Write out the data exactly from its first line onward, ending with the line in which "Image 13 of" appears.

BEGIN DATA PROVIDED

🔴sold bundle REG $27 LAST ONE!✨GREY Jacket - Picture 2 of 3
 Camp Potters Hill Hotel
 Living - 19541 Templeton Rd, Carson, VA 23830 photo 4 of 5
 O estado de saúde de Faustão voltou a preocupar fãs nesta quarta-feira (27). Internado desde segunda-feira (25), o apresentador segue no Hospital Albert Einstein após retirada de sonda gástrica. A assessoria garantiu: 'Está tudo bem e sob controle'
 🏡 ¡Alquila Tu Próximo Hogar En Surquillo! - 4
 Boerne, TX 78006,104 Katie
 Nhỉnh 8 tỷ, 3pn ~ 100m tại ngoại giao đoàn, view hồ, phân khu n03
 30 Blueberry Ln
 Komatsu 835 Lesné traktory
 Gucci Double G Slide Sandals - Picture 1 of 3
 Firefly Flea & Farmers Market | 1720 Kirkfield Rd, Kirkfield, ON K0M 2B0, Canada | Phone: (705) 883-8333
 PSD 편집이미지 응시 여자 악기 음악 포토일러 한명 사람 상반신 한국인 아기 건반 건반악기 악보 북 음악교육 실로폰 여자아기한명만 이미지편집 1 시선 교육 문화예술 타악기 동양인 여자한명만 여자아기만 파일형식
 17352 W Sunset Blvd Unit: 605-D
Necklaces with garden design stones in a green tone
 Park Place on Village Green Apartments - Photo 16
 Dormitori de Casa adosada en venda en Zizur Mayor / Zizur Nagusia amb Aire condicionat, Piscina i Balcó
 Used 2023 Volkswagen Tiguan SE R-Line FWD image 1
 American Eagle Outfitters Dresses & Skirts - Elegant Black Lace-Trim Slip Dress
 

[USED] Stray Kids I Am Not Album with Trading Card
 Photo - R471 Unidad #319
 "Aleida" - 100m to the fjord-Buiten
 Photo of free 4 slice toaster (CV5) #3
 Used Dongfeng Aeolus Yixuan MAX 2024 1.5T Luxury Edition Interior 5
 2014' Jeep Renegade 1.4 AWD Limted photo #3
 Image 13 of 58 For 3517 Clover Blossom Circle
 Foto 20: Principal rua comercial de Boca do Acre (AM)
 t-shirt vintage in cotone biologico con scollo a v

END DATA PROVIDED

### TASK OUTPUT
🔴sold bundle REG $27 LAST ONE!✨GREY Jacket - Picture 2 of 3
 Camp Potters Hill Hotel
 Living - 19541 Templeton Rd, Carson, VA 23830 photo 4 of 5
 O estado de saúde de Faustão voltou a preocupar fãs nesta quarta-feira (27). Internado desde segunda-feira (25), o apresentador segue no Hospital Albert Einstein após retirada de sonda gástrica. A assessoria garantiu: 'Está tudo bem e sob controle'
 🏡 ¡Alquila Tu Próximo Hogar En Surquillo! - 4
 Boerne, TX 78006,104 Katie
 Nhỉnh 8 tỷ, 3pn ~ 100m tại ngoại giao đoàn, view hồ, phân khu n03
 30 Blueberry Ln
 Komatsu 835 Lesné traktory
 Gucci Double G Slide Sandals - Picture 1 of 3
 Firefly Flea & Farmers Market | 1720 Kirkfield Rd, Kirkfield, ON K0M 2B0, Canada | Phone: (705) 883-8333
 PSD 편집이미지 응시 여자 악기 음악 포토일러 한명 사람 상반신 한국인 아기 건반 건반악기 악보 북 음악교육 실로폰 여자아기한명만 이미지편집 1 시선 교육 문화예술 타악기 동양인 여자한명만 여자아기만 파일형식
 17352 W Sunset Blvd Unit: 605-D
Necklaces with garden design stones in a green tone
 Park Place on Village Green Apartments - Photo 16
 Dormitori de Casa adosada en venda en Zizur Mayor / Zizur Nagusia amb Aire condicionat, Piscina i Balcó
 Used 2023 Volkswagen Tiguan SE R-Line FWD image 1
 American Eagle Outfitters Dresses & Skirts - Elegant Black Lace-Trim Slip Dress
 

[USED] Stray Kids I Am Not Album with Trading Card
 Photo - R471 Unidad #319
 "Aleida" - 100m to the fjord-Buiten
 Photo of free 4 slice toaster (CV5) #3
 Used Dongfeng Aeolus Yixuan MAX 2024 1.5T Luxury Edition Interior 5
 2014' Jeep Renegade 1.4 AWD Limted photo #3
 Image 13 of 58 For 3517 Clover Blossom Circle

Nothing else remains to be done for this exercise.